DailyBusMinMax = pd.merge(left=DailyBusMin, right=DailyBusMax, how='inner',on='Date', suffixes=('Min', 'Max'))
DailyBusMinMax = DailyBusMinMax.rename(columns={'RecordedAtTimeMin':'EarliestBusArrival', 'RecordedAtTimeMax':'LatestBusArrival'})

DailyBusMinMax.reset_index(level=0, inplace=True)
DailyBusMinMax['Date'] = pd.to_datetime(DailyBusMinMax['Date'],format='%Y-%m-%d')
DailyBusMinMax['EarliestBusArrival'] = pd.to_datetime(DailyBusMinMax['EarliestBusArrival'], format='%Y-%m-%d %H:%M:%S')
DailyBusMinMax['LatestBusArrival'] = pd.to_datetime(DailyBusMinMax['LatestBusArrival'], format='%Y-%m-%d %H:%M:%S')

DailyBusMinMax.head()

In the cell below, we take the bus arrival times (when the bus pulls into the stop), the dates associated with each bus arrival time (to help with subsequent merges) and the timedeltas (which we may plot later on) from the original `M100_NICK` data

In [None]:
BusArrivals = M100_NICK.loc[:,['RecordedAtTime','time_delta_mins']]
dates = M100_NICK['RecordedAtTime'].str.split(' ', 1, expand=True).rename(columns={0:'Date'})
BusArrivals.insert(loc=0, column='Date', value=dates['Date'])

BusArrivals = BusArrivals.rename(columns={'RecordedAtTime':'BusArrivalTime'})

# Change Column DataTypes from String (object) to DateTime
BusArrivals['BusArrivalTime'] = pd.to_datetime(BusArrivals['BusArrivalTime'], format='%Y-%m-%d %H:%M:%S')
BusArrivals['Date'] = pd.to_datetime(BusArrivals['Date'], format='%Y-%m-%d %H:%M:%S')
BusArrivals = BusArrivals.drop_duplicates()

BusArrivals.head()

Next, we define a simulation function which gets the `low` and `high` bounds of the uniform distribution from the DailyBusMinMax dataframe and then takes `NumPassengers` for population size of passengers to simulate. 

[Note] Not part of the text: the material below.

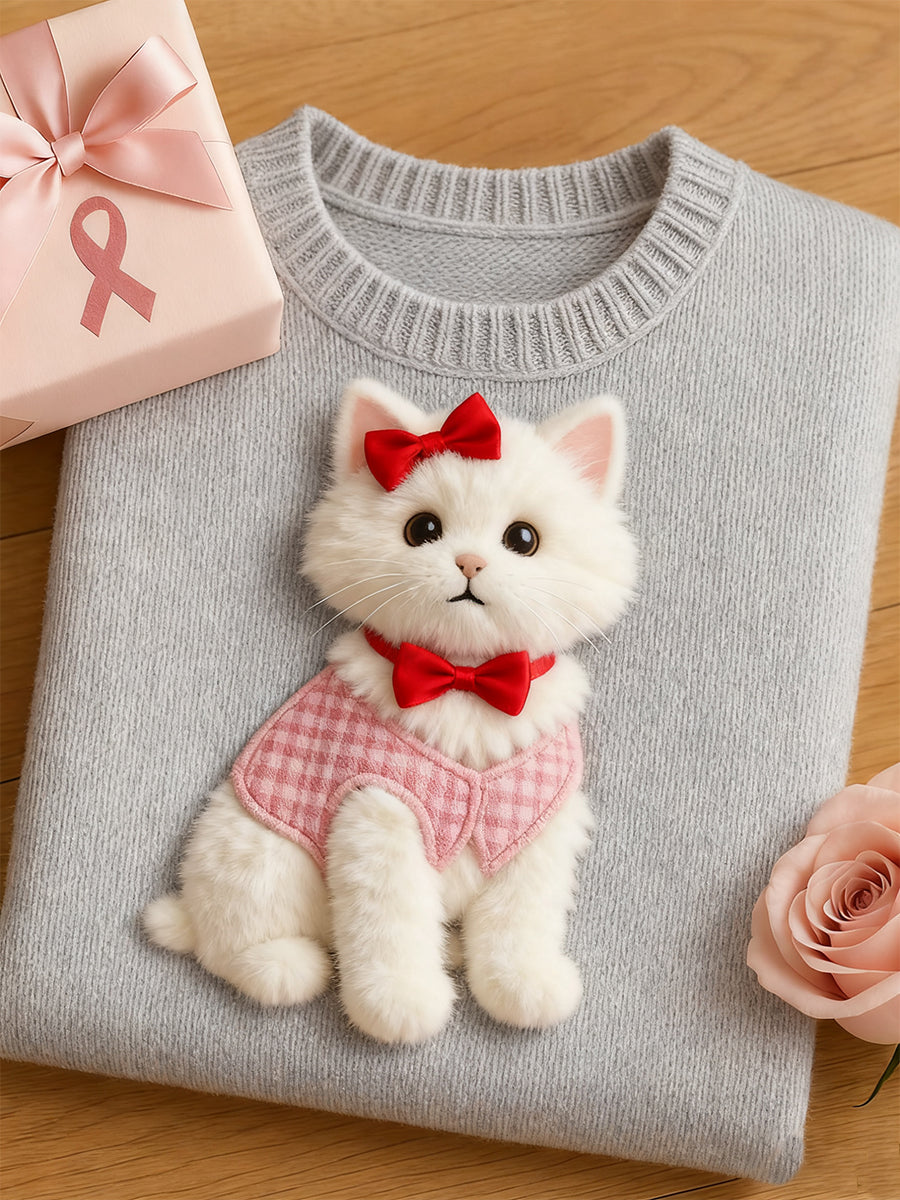 Kvinders kunstneriske dyr Print Comfort Strik Kort ærme Toppe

This simulation function creates a "pivot table" with the Date as pseudo-index and an artificial passengerId for column headers. For each date, the table contains each passenger in NumPassengers simulated bus arrival time (the time at which each passenger approaches the bus stop with the hopes of boarding a bus.)

Of course, the table that results isn't a true pivot table, because the Date column is just another column, rather than a pandas index. Keeping the Date as a column allows us to reference it as a column later on, which will come in handy when we need to return a series of dates.

In [None]:
def passengerSim(DailyBusMinMax, NumPassengers):
    
    #time between the first and last bus arrivals
    dailyDelta = DailyBusMinMax['LatestBusArrival'] - DailyBusMinMax['EarliestBusArrival']
    
    # the first bus arrival
    dailyMin = DailyBusMinMax['EarliestBusArrival']
    
    #number of dates to simulate for
    NumDates = len(DailyBusMinMax.Date)
    
    #this vectorized calculation follows the formula dailyDelta * randomVar + firstBusArrival to choose a random time
        # between the EarliestBusArrival and the LatestBusArrival.
        # this is done for every date and for each passenger in NumPassengers
    pSim = pd.DataFrame(np.random.uniform(0,1,(NumDates,NumPassengers)))
    pSim = pSim.mul(dailyDelta,axis=0)
    pSim = pSim.add(dailyMin,axis=0)
    
    # add a dates column to front of dataframe  
    pSim.insert(loc=0, column='Date', value=DailyBusMinMax['Date'])
    
    return pSim

In [None]:
sim = passengerSim(DailyBusMinMax,500)
sim.head()

Here, we reorganize the results of the passenger simulation to get a table that has one single `passengerId` column, instead of one column for each passenger. This is will allow us to perform a merge in the following step.

In [None]:
sim = sim.melt(id_vars='Date')
sim = sim.rename(columns={'variable':'passengerId','value':'passengerArrivalTime'})
sim.head()

As promised, we now merge the passenger simulation,`sim` with the bus arrival times, `BusArrivals`. The result of the code below is a lookup table where each passenger arrival time is associated with one bus arrival time; that is to say, the passengers are associated with the bus they board (which will always be the next bus that approaches the stop after they arrive.)

In [None]:
# The powerset of all passenger-bus combinations
busBoarding = pd.merge(right=sim, left=BusArrivals, on='Date', how='inner')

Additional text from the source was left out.